The Bihar Legislative Assembly passed the Bihar Special Armed Police Bill 2021 on 23 March. The passage of the Bill was marked by violence that included a scuffle in the Assembly that captured national headlines. The Bill proposes to rename the Bihar Military Police - the State Armed Police Force of Bihar - to the ‘Bihar Special Armed Police’ (BSAP) and grants it powers that are not given to any State armed police force. Opposition parties in Bihar vehemently protested the Bill and claimed that it effectively transforms a part of Bihar’s police force into an armed militia.     

The Bill's preamble stated that its provisions are necessary for the maintenance of public order, combating extremism and ensuring that specific establishments are secured and protected. The Bihar government’s press statement stated that the Bill, ‘aims to develop the Bihar Military Police into a well-trained and fully equipped armed police force with multi-domain expertise to cater to the development needs and the larger interest of the state...’.  
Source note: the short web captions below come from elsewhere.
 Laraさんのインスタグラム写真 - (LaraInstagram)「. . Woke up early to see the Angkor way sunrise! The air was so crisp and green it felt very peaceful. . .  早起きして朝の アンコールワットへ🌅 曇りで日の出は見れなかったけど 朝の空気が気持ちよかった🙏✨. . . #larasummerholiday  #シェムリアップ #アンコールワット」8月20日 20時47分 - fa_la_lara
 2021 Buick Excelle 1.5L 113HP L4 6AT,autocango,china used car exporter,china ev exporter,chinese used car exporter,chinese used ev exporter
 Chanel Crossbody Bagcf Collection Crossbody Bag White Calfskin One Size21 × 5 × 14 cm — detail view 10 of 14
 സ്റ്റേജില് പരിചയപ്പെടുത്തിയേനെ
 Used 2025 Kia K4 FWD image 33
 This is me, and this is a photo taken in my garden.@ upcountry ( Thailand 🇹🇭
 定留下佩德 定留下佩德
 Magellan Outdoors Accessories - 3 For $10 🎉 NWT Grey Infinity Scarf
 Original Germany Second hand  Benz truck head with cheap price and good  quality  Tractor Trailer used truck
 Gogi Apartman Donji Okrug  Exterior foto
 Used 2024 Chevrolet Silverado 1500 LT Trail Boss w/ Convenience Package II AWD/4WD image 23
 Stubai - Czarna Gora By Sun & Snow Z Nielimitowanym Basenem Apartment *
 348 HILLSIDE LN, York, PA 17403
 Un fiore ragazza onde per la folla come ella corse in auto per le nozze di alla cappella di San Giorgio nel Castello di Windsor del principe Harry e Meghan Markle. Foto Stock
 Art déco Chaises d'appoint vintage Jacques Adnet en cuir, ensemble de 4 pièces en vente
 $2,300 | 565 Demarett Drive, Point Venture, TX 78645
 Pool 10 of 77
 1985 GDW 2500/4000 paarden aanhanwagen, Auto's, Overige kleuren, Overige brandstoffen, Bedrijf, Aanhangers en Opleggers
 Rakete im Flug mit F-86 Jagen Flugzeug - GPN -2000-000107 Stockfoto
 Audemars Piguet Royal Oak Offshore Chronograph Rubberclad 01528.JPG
A close look at the Bill reveals something curious: its core provisions resemble those of the infamous Armed Forces (Special Powers) Act, 1958 (AFSPA) that gives exceptional powers to the Indian Army. These special powers have been subject to intense controversy for decades and heavily criticised by human rights activists.   

So, how does the Bill resemble the AFSPA?  

First, much like the AFSPA, the Bill allows the BSAP to search and arrest without seeking a warrant from a Court or Magistrate. A Special Armed Police Officer may arrest any person against whom there is ‘reasonable suspicion' of committing hurt or a cognizable offence to life or property or any other offence under Section 7 of the Bill. The officer may also detain and search a person who they believe might escape or conceal evidence.   

Second, the Courts cannot take cognizance of any offence committed by an officer under this Bill unless a report with the sanction of a higher officer is authorized by the Government.   

Lastly, exactly like the AFSPA, the Bill also requires any person arrested and taken into custody to be taken to an officer or the nearest police station along with a report of the circumstances of the arrest. Unlike the provision under the Criminal Procedural Code, 1973 the AFSPA and the Bill do not prescribe a time limit for detention nor require the arrested person to be presented before a magistrate.  

During a debate on federalism in the Constituent of Assembly of India, a group of Members wanted clarification on the distinction between the Army and the Police. The Assembly President raised the question put forth by HN Kunzru: 'whether a province will be able to raise an army, without calling it an army, but calling it police? To this, B.R. Ambedkar replied, ‘…if a province is going to play a fraud on the Constitution, the Centre will be strong enough to see that that fraud is not perpetrated.’  

The Bihar government through the Bill has given extraordinary powers to a unit of its police force that until now have only been given to the Indian Army.   

Would Ambedkar have called this a fraud on the Constitution?